Since the burden of proof in respect to the insolvency of the taxpayer is upon the respondent his failure to establish that the transferor was insolvent at the time the alleged transfers were made or resulted in making him insolvent means that he has failed to establish his case as to Ethel F. Halle with respect to these alleged transfers. The facts establish clearly that Louis Halle during each of the years 1929 to 1938, inclusive, had large amounts of net income. The very fact that he had large sums of net income in the years 1929 to 1938, inclusive, which he did not report on his returns was the basis for our decision determining deficiencies and fraud penalties against him for those years. Yet respondent would now have us make a finding of fact that notwithstanding these large amounts of income which Louis Halle unquestionably had in each of those years, he was insolvent at the end of each year. Of course, it is possible that this could be so but in view of the fact that he had large amounts of net income in each of the years 1929 to 1938, inclusive, we think it is very unlikely that he was insolvent during those years. Certainly respondent has not proved insolvency of Louis Halle for this period and we cannot make any finding of fact that he has done so.

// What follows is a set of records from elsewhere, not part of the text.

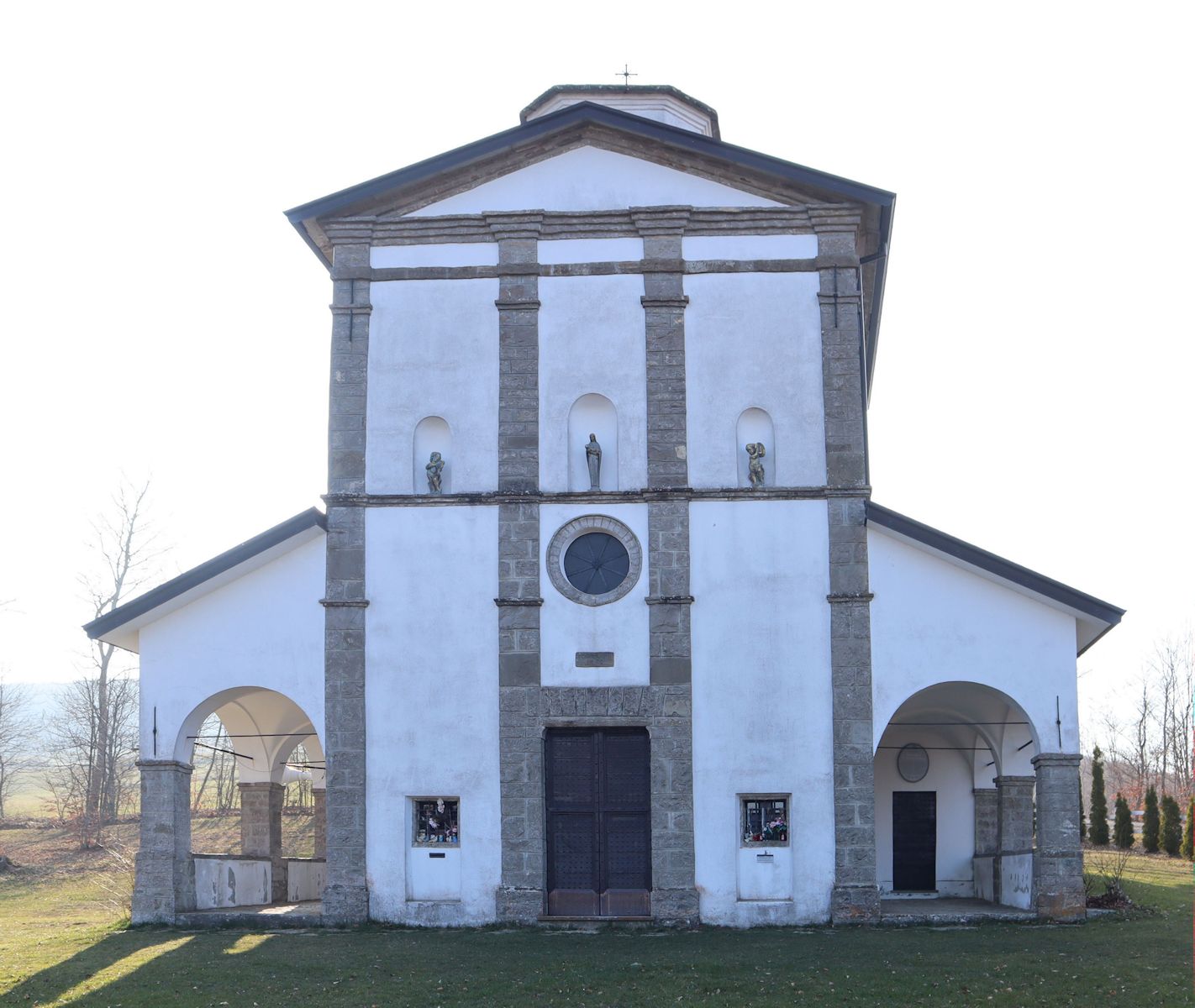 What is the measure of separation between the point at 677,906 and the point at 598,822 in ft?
5.14

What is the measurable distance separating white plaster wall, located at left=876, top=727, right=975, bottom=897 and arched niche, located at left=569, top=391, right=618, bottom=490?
728 centimetres

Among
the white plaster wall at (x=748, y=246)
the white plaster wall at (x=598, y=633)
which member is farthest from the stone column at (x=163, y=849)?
the white plaster wall at (x=748, y=246)

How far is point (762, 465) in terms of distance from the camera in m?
19.8

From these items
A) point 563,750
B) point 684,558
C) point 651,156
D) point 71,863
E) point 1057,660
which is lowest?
point 71,863

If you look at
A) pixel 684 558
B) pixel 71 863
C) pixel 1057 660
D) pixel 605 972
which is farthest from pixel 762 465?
pixel 71 863

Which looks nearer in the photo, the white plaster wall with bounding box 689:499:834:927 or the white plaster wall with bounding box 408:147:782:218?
the white plaster wall with bounding box 689:499:834:927

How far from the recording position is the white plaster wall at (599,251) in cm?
2045

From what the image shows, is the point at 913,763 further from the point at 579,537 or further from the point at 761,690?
the point at 579,537

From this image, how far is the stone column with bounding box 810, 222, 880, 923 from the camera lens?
1875 cm

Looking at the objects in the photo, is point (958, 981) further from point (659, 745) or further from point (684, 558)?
point (684, 558)

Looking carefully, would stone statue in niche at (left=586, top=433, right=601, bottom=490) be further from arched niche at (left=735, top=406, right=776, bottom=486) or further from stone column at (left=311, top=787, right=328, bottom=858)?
stone column at (left=311, top=787, right=328, bottom=858)

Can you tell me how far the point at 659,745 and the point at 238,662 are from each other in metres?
6.04

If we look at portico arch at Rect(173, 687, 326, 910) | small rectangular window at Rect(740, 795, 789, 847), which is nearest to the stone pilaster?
small rectangular window at Rect(740, 795, 789, 847)

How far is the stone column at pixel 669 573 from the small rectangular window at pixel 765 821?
778 mm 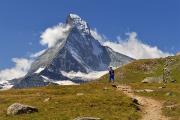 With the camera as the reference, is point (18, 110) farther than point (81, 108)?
No

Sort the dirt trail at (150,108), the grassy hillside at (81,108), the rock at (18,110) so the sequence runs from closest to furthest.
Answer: the grassy hillside at (81,108) → the dirt trail at (150,108) → the rock at (18,110)

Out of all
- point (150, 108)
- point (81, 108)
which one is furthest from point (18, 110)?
point (150, 108)

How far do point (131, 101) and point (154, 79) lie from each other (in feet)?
326

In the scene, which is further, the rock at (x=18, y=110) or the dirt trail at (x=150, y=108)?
the rock at (x=18, y=110)

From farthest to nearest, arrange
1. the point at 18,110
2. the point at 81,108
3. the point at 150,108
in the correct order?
the point at 150,108 → the point at 81,108 → the point at 18,110

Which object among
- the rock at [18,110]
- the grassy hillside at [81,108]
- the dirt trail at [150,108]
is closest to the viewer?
the grassy hillside at [81,108]

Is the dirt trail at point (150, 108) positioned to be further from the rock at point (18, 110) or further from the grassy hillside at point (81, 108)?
the rock at point (18, 110)

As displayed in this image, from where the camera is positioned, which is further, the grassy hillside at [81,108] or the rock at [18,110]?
the rock at [18,110]

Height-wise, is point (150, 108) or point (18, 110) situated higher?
point (150, 108)

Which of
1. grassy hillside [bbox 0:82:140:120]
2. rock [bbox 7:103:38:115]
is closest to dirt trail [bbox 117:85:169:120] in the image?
grassy hillside [bbox 0:82:140:120]

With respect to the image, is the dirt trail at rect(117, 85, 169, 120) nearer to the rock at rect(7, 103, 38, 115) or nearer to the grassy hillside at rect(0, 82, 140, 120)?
the grassy hillside at rect(0, 82, 140, 120)

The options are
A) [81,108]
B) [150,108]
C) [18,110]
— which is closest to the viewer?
[18,110]

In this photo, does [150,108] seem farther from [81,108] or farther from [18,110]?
[18,110]

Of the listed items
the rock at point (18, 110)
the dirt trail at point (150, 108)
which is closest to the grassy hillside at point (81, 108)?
the rock at point (18, 110) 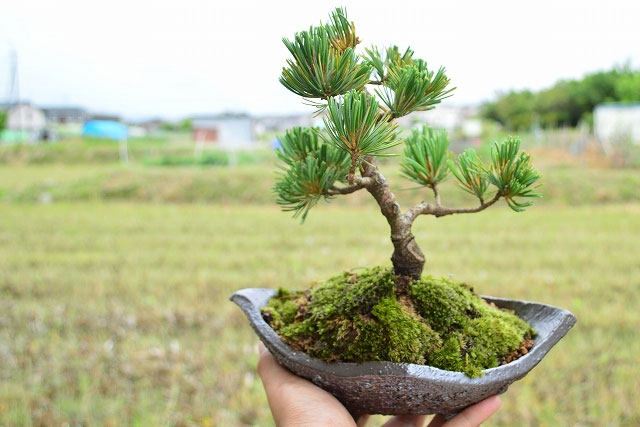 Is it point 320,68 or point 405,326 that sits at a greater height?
point 320,68

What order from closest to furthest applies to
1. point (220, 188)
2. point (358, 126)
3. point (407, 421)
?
1. point (358, 126)
2. point (407, 421)
3. point (220, 188)

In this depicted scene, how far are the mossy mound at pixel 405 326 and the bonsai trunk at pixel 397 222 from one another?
27mm

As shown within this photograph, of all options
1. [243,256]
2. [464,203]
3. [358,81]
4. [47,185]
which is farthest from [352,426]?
[47,185]

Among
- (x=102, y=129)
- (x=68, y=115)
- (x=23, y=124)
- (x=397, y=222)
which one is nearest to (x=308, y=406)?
(x=397, y=222)

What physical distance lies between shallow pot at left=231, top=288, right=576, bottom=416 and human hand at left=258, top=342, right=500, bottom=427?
2cm

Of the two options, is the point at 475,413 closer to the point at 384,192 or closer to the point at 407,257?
the point at 407,257

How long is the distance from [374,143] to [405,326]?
268 millimetres

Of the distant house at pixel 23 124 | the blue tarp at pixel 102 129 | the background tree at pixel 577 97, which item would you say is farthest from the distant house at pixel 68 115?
the background tree at pixel 577 97

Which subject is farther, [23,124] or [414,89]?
[23,124]

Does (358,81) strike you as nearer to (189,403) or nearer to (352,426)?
(352,426)

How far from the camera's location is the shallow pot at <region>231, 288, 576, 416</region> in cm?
71

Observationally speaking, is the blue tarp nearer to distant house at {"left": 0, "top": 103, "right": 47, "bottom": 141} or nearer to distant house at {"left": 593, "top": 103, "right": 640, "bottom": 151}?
distant house at {"left": 0, "top": 103, "right": 47, "bottom": 141}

Under these circumstances we hold that Ethel F. Halle is not liable as transferee in respect to such transfers as might have been made to her by Louis Halle during the period 1929 through 1938. On that part of his determination respondent is reversed.
It is, therefore, determined that petitioners are liable as transferees to the following extent, together with interest as provided by law:
Docket Transferee Name of petitioner No. liability
Ruth Halle Rowen_ 31666 $5, 632. 89
Ethel F. Halle___ 31667 14,073.60
Edward Halle___ 31668 5,632.88
Decisions will be entered accordingly.